The Euro fell at its highest pace in 2.5 weeks on Monday after the data showed that retail sales in Europe’s largest economy fell more-than-forecast in December, with the continent still struggling to spread vaccines.
Joseph Kapurzo, currency analyst at Commonwealth Bank of Australia said that when people think of selling euros, they invariably buy dollars because this pair is the most liquid in the world.

According to some analysts, the pullback of the U.S. currency was long overdue, as the net sale of the Dollar by speculators was approaching a 10-year high.

Speculators have gambled on the fall of the U.S. Dollar as a safe-haven asset as the $1.9 trillion stimuli offered by the Biden administration prompted investors to invest in riskier assets, even though some Republican senators visited the White House to discuss an alternative $618 billion plan.

Yukio Ishizuki, senior strategist at Daiwa Securities said that some hedge funds may be forced to close their Dollar short positions after they recently burned with their shorts in some U.S. stocks.

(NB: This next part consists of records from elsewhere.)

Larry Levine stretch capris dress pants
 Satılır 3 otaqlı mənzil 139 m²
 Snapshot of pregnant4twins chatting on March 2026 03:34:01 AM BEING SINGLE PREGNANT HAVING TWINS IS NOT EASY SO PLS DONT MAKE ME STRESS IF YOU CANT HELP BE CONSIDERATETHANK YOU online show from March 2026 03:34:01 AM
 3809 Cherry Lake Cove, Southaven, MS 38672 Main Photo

Overall, global markets remain wary as institutional investors grapple with the retail frenzy that has propelled GameStop Corp shares and other so-called meme victims up in recent sessions, despite no change in fundamentals.

The Dollar Index was down 0.1% to 90.87 amid further gains in Asian equities but remained close to its overnight high of 91.063, which is the highest level since December 10.

The Euro rose 0.2% to 1.20805 after falling 0.7% on Monday, the highest since January 15.

The Dollar briefly crossed the 105 against the Yen for the first time since mid-November and held at 104.875 yen.

Many view the Dollar’s recovery since the beginning of last month, as a correction after its steady decline. The Dollar Index lost almost 7% in 2020 – on expectations of a comeback in the world economy after the pandemic amid massive fiscal spending and continued tight monetary policy.

However, some think the Dollar’s newfound resilience may reflect declining bearish sentiment for the currency.

Moh Xiong Sim, a currency analyst at the Bank of Singapore that interest rates in the U.S. may be rising due to fiscal stimulus and the fact that the U.S. economy is doing well.

He further added that the Dollar weakening trend has stopped. The fall in the USDJPY rate was part of this trend, and the pair lost some momentum.
The Australian Dollar fell after the country’s central bank said it would expand its quantitative easing program to buy an additional $100 billion in bonds, a decision that many market participants believe could be delayed until next month.

The Aussie was last held at $0.7625, with little change during the day and below the daily high of $0.7662.